Alguns apontamentos históricos e conjunturais.
Mundo
Até o término da segunda guerra mundial a sindicalização e a negociação coletiva eram tidas como “privilégios” dos trabalhadores do setor privado, regendo-se os servidores públicos exclusivamente pelas regras do Direito Administrativo.
A proibição de sindicalização era sustentada no argumento de que a organização administrativa assentava-se na ordem hierárquica, sendo a intervenção de forças sociais e econômicas nesse regime, incompatível com a autoridade do Estado.
Naquele paradigma, o Estado era tido como modelo de bom empregador e os sindicatos profissionais como os agentes das greves e badernas.
Ora, argumentavam os defensores da proibição da sindicalização, se naquele período o direito de greve aos servidores públicos não era reconhecido e sim, vedado, não se lhes poderia autorizar a sindicalização e os demais direitos sociais dela decorrentes.
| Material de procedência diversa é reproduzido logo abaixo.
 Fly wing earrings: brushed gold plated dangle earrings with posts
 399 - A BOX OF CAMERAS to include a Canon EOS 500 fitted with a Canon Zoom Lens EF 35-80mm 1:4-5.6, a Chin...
Esse era o argumento para se negar direitos de organização aos servidores públicos!
Já quanto à negociação coletiva, também para os servidores públicos, afirmava-se obstáculo à mesma na suposta dificuldade que o Estado teria para transigir, especialmente por estarem as condições salariais e econômicas dos funcionários públicos, incluídas nas verbas orçamentárias do Estado que necessitam ser previamente aprovadas.
Outro argumento para se lhes negar os direitos sociais, estava fundamentado no entendimento de que os servidores públicos eram regidos por um regime institucional e não contratual razão pela qual não se lhes aplicava qualquer norma relativa ao contrato de trabalho.
Estas foram às bases da discussão, até o final da década de 50, para se negar ao servidor público o direito de organização sindical, de negociação coletiva e de greve.
A partir da década de sessenta do século passado, consolida-se o direito a sindicalização no serviço público em vários países e começa a expandir o debate sobre a possibilidade de negociação coletiva do servidor ou trabalhador público, até mesmo porque as greves do setor aconteciam, de maneira forte, independentemente de autorização legislativa.
Tal debate e, especialmente em razão das fortes greves do setor, acabou por fazer com que o sistema se manifestasse no cenário internacional, através da sua organização OIT (Organização Internacional do Trabalho) Convenções números 87, 98, 151 e 154 e Recomendação 159.
A convenção 87 da OIT – não ratificada expressamente pelo Brasil –(1) em seu art. 2º assegura aos trabalhadores e empregadores, sem nenhuma distinção (dos setores público e privado), o direito de constituírem organizações de sua escolha e se filiarem a elas.
Assim, exclui-se a distinção entre servidor público e privado, no cenário internacional, para efeitos de organização sindical.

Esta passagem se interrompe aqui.